Since the numbers themselves are functions, replacing x in the inner body of b should be as simple as calling its inner lambda with the desired value as an argument. To access and call the inner lambda, the outer lambda, whose parameter is f, needs to be called first, but it obviously needs some value as its argument.

As noted above, Church numerals express “repeated operations”, and their f argument represents the function that performs the operation itself. Since the result of adding two Church numerals must be another Church numeral, which will also express some “repeated operation”, there is no way for add to know the operation that the result is expected to repeat; therefore, the result must also be a function with an f parameter, which lets the caller specify the function to be repeated.

Since the result of add now contains a lambda with an f parameter, the (currently unknown) value of f can be used to call b, accessing the inner lambda.

Although there is now a way of calling the inner lambda of b for altering x, it’s still not clear how to obtain the argument: the body of a.

5.2.2. Obtaining the body of `a`

The inner body of a can be obtained through a similar process. Just like when calling b, the value of f can be used for calling the outer lambda; however, in this case the inner lambda needs to be called for retrieving the body.

A similar problem emerges: what value should be used as the x argument of the inner lambda of a? Going back to the “repeated operations”, x represents the input of the operation, in other words, the value to which the operation should be applied. Just like with the function itself, add cannot know this value when computing its result, so it must use another generic lambda that receives x.

With this, the previous two steps of extraction and replacement can be performed. The following figure shows the final definition of add in Lisp.

Note that the previous Lisp definition “replaces” the body of a into b, but the conventional definition in λ-notation is:

\[ \text{add} = \lambda ab. \lambda f. \lambda x. a\ f\ (b\ f\ x) \]

Which would move the body of b into a. Again, this is not an issue because addition is commutative.

6. Calling Church numerals

To further illustrate why Church numerals are functions that represent repeated operations, a call to one of them will be made below. First, a simple definition of increase, which adds one to its argument:

(define increase
  (lambda (val)
    (+ val 1)))

(increase 5)  ; Returns 6

This increase function can be used as the f argument when calling a Church numeral, and the result will be another function which applies the operation N times.

(define church-three
  (lambda (f)
    (lambda (x)
      (f (f (f x))))))

(define increase-by-three (church-three increase))
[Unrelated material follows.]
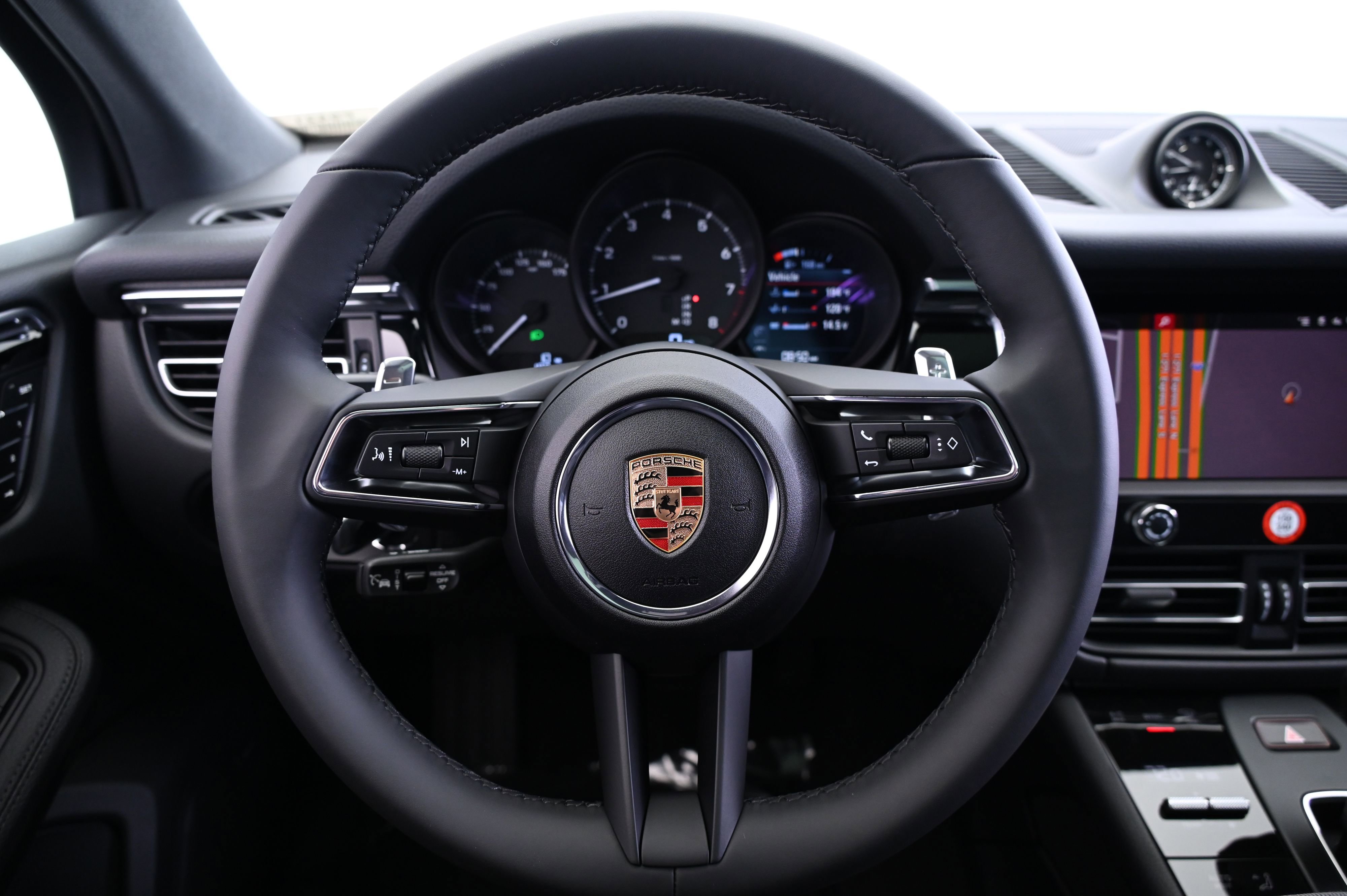 Certified 2025 Porsche Macan image 45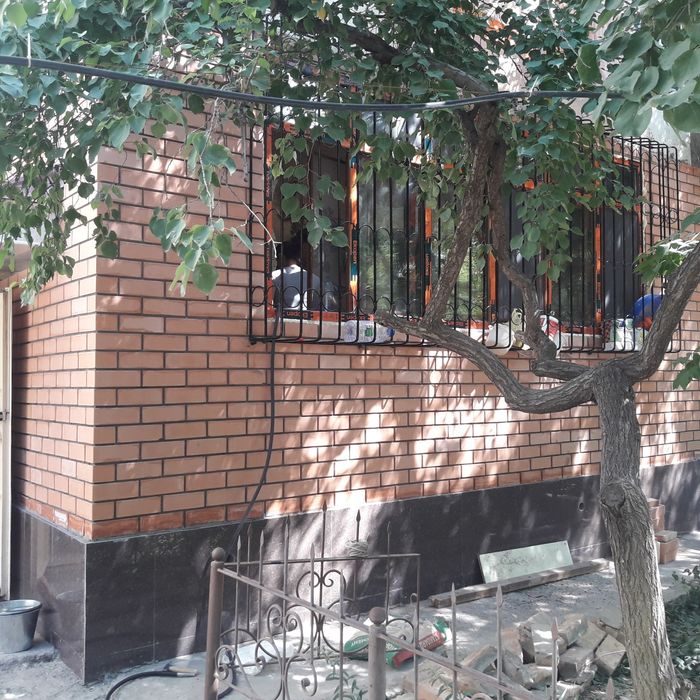 Кладка кирпичей балкона. Козырки. Решётки на окна.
In the previous example, increase-by-three is a function which receives an argument x and applies increase to it 3 times. Therefore, these two expressions are equivalent:

(increase-by-three 10)               ; Returns 13
(increase (increase (increase 10)))  ; Returns 13

Naturally, this is extremely versatile, as it can be done with any functions as an argument:

(define square
  (lambda (val)
    (* val val)))

;; The following expression is equivalent to:
;;
;;   (square (square (square 3)))
;;
;; Which returns:
;;
;;   ((3^2)^2)^2 = 3^(2*2*2) = 3^8 = 6561
;;
((church-three square) 3)

Footnotes:

The expression can be simplified through currying, that is, by transforming multiple lambdas that receive one argument into a single lambda that receives multiple arguments (in this case, both \(f\) and \(x\)). The simplified definition would be \(\lambda n. \lambda f\ x. f (n f x)\).